## YOUR GOAL
Copy verbatim the span of lines beginning at the line that contains "Justice Brown Kids Dress Shoes" and ending with the final line of the data. Exclude pictures from the copy.

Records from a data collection
++++++

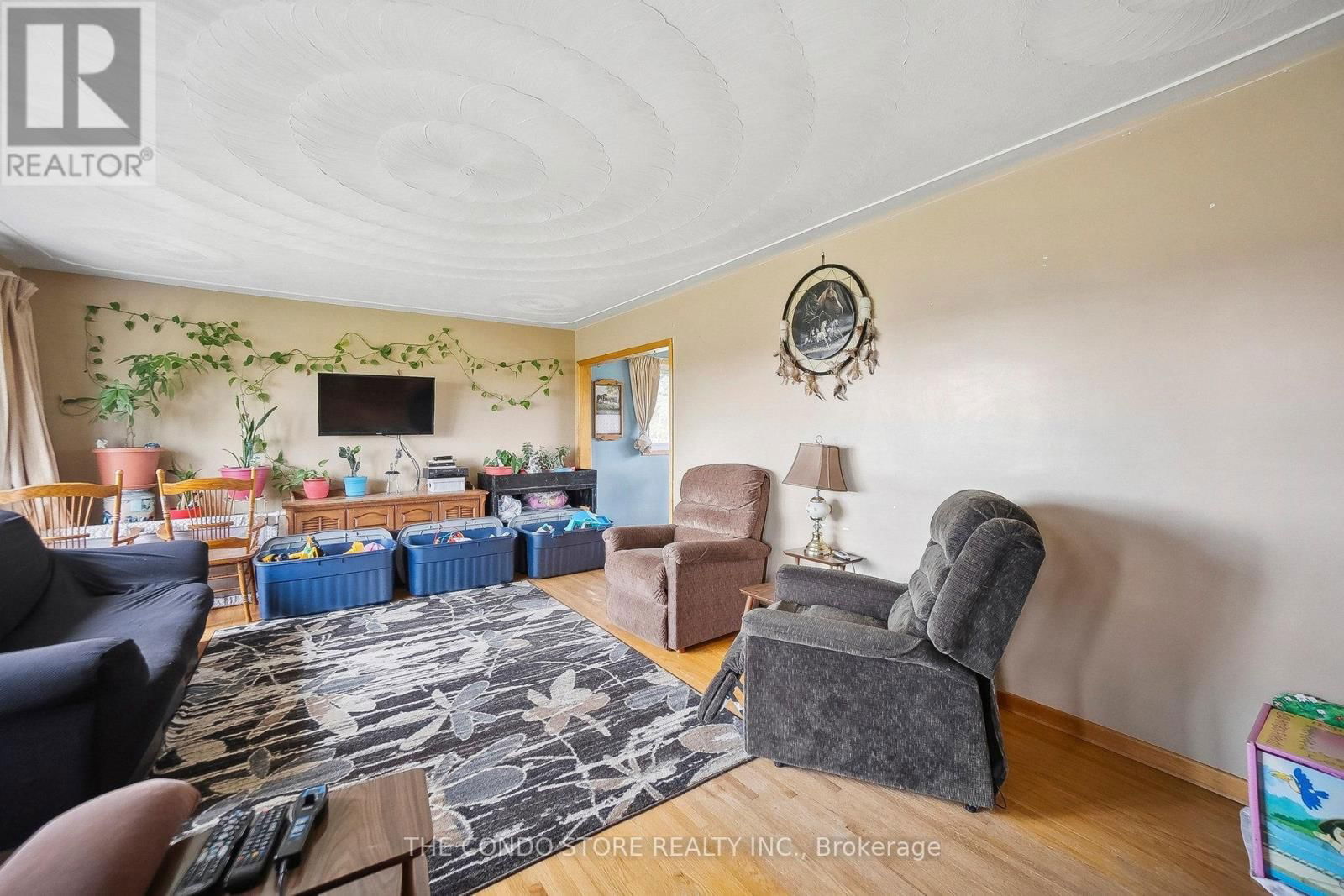 283 INMAN ROAD Image 9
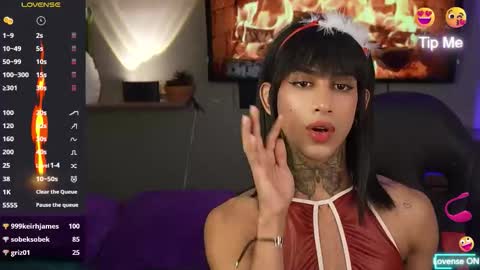 Snapshot of zion__lee chatting on December 13, 7:53 pm Zion online show from December 13, 7:53 pm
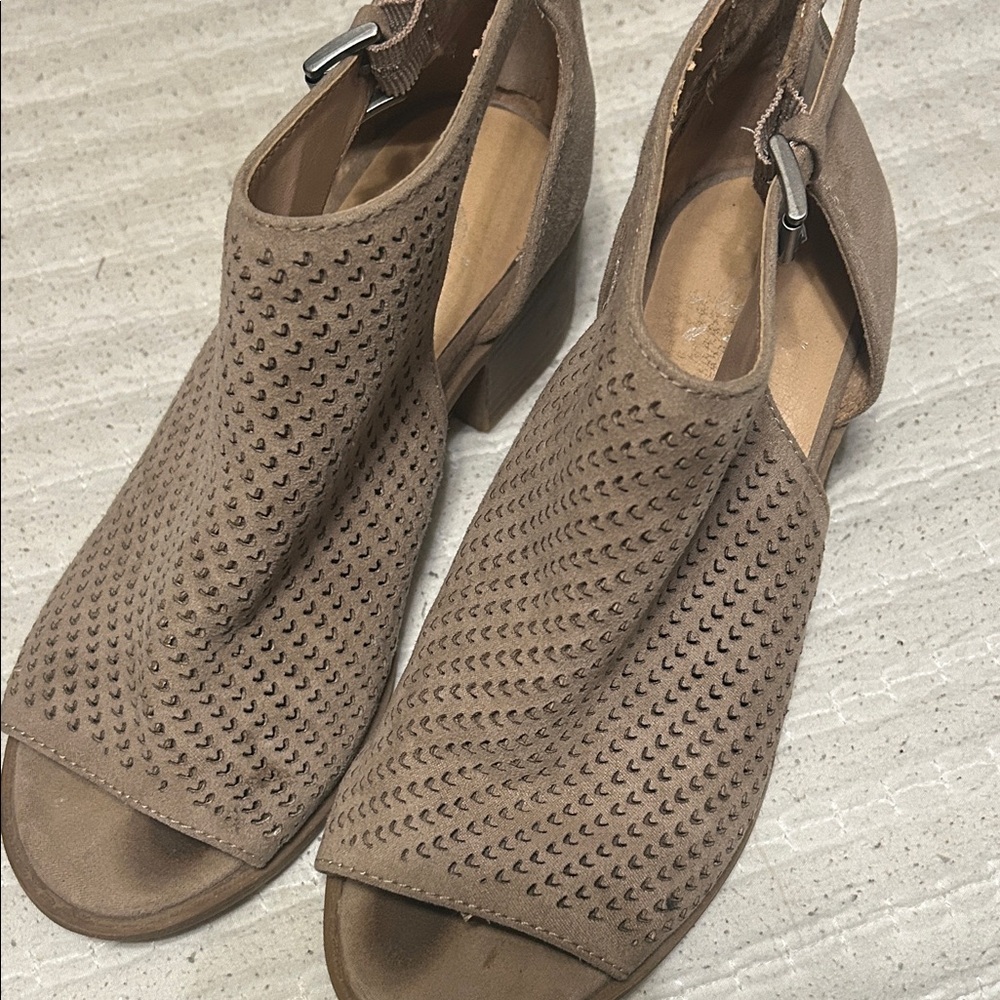 Justice Brown Kids Dress Shoes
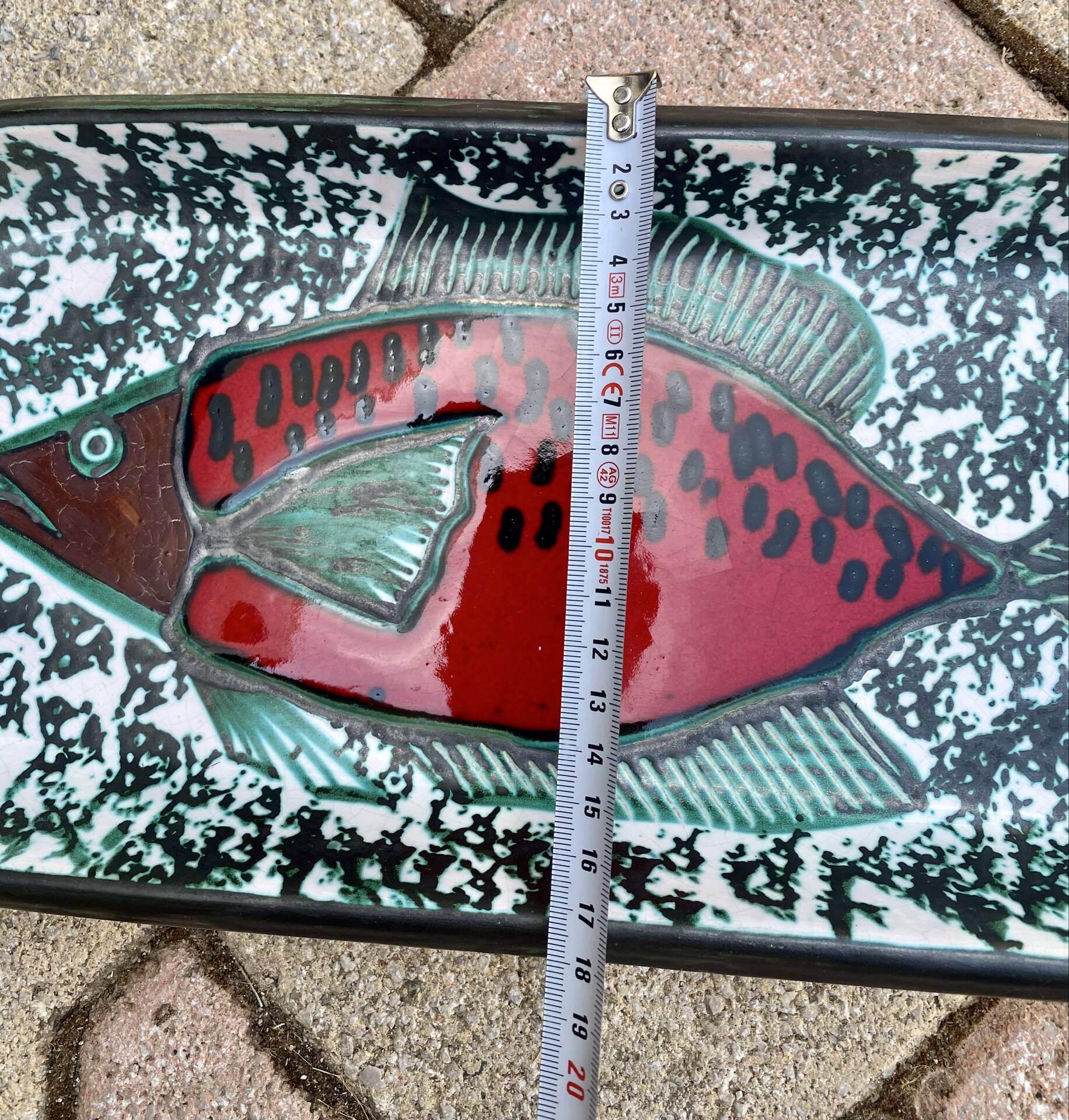Ceramic plate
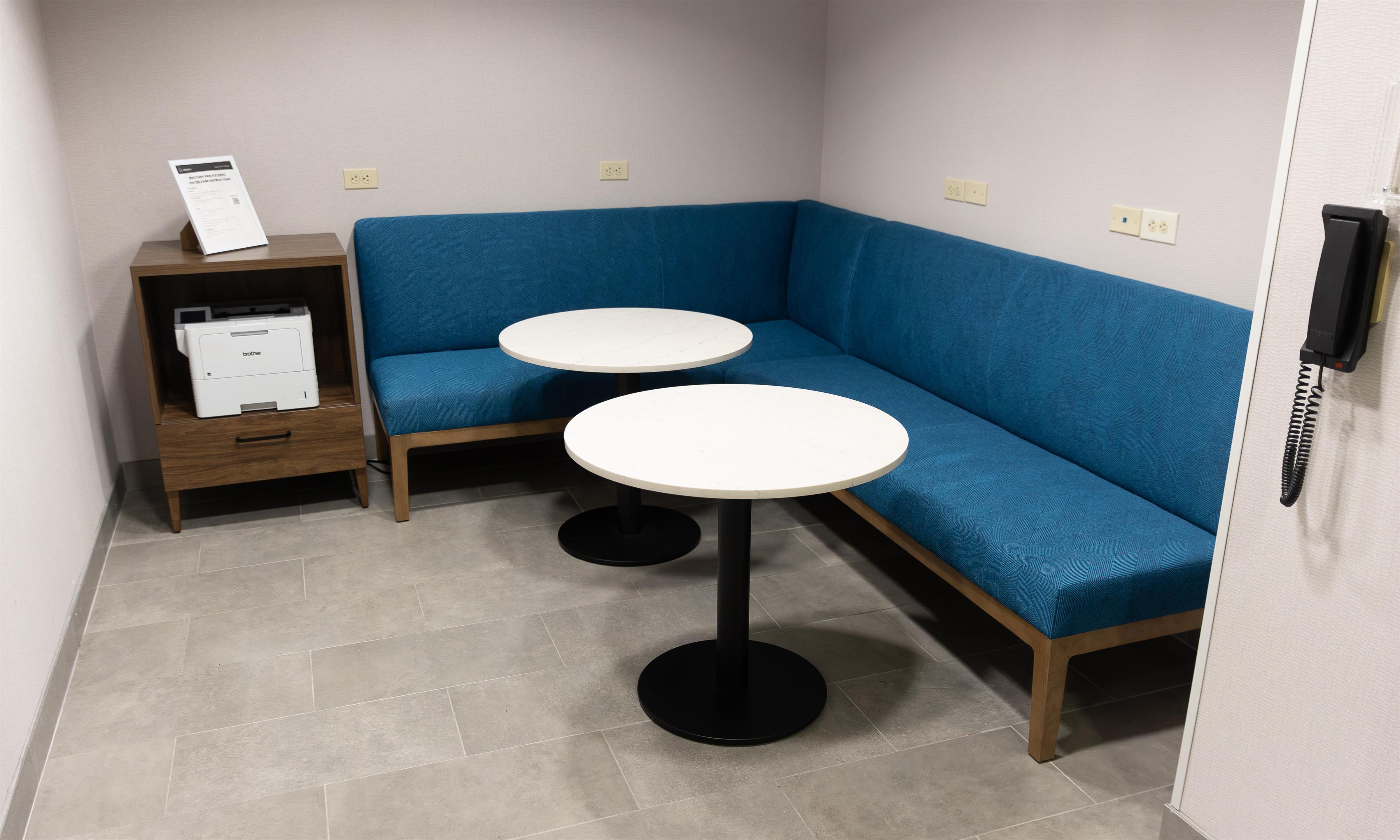 Business Center | Hampton Inn & Suites Stroudsburg Pocono Mountains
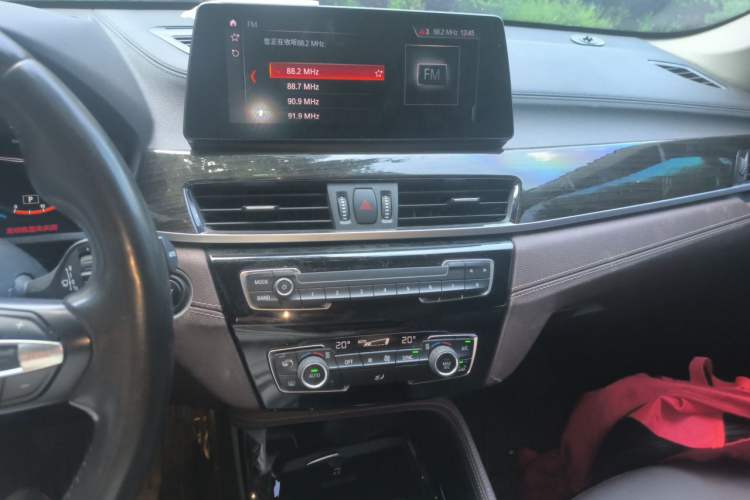 Used BMW X1 2020 xDrive25Li Luxury Edition Audio And AC Panel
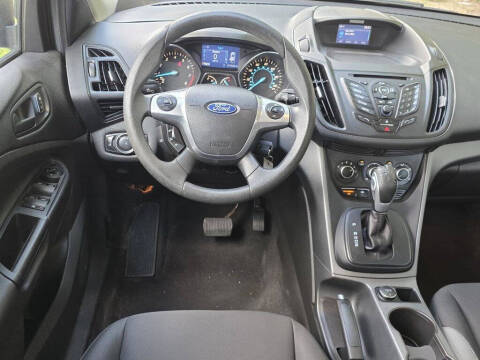 2015 Ford Escape S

++++++

## TASK SOLUTION
 Justice Brown Kids Dress Shoes
Ceramic plate
 Business Center | Hampton Inn & Suites Stroudsburg Pocono Mountains
 Used BMW X1 2020 xDrive25Li Luxury Edition Audio And AC Panel
 2015 Ford Escape S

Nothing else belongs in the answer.